Duration measures a bond's sensitivity to interest rate changes. It represents the weighted average time to receive all cash flows (coupons + principal) — but more practically, it tells you how much a bond's price will change for a 1% change in interest rates.
Types: - Macaulay duration: Weighted average time to receive cash flows, in years. - Modified duration: Best measure of price sensitivity. Formula: Macaulay Duration ÷ (1 + YTM). - Effective duration: Used for bonds with embedded options (callable bonds, MBS); accounts for cash flow changes as rates change.
The rule: For a 1% increase in interest rates, a bond's price falls approximately by its modified duration percentage.
Example: Modified duration = 7. If rates rise 1%, price falls approximately 7%.
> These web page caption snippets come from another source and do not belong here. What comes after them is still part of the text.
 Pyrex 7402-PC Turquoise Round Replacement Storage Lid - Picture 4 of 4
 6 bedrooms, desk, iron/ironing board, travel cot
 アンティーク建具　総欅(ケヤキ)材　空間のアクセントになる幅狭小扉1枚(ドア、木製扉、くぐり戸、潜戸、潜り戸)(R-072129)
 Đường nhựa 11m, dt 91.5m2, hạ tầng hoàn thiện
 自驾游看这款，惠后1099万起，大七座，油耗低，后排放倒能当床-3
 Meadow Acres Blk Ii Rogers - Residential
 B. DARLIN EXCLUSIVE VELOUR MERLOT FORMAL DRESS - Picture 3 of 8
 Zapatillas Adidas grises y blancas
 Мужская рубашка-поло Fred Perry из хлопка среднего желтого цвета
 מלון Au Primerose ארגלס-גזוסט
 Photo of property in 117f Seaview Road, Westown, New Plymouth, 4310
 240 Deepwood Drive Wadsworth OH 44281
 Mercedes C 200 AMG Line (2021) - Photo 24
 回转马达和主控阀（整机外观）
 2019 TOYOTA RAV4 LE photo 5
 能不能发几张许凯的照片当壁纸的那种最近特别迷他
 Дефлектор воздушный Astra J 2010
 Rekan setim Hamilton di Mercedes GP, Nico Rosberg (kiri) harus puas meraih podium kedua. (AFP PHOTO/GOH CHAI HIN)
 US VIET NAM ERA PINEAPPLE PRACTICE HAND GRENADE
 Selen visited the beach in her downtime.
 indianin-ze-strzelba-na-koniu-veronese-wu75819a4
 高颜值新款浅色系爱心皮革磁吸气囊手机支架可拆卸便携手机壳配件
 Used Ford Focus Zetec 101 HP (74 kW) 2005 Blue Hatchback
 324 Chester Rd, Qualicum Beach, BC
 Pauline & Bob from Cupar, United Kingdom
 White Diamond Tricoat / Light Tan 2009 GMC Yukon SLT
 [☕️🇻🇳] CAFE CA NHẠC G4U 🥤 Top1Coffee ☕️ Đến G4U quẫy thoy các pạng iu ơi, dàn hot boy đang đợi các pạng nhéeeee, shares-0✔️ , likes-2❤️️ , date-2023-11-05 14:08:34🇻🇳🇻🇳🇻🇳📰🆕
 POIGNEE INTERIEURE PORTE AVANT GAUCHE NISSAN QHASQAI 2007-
Factors affecting duration: - Longer maturity → higher duration (more sensitive to rates). - Lower coupon → higher duration (more weight on distant principal payment). - Lower YTM → higher duration. - Zero-coupon bond: Macaulay duration = maturity (longest possible duration for a given maturity).
Convexity adjustment: Duration is a linear approximation; actual bond price-yield relationship is convex. Convexity adds accuracy for large rate changes.
> Exam tip: Duration is tested heavily on the Series 7, Series 65/66, and CFP®. Key relationships: longer maturity = higher duration = more interest rate risk; zero-coupon bond = duration equals maturity. "Inverse relationship" — duration and price move in opposite directions to rates.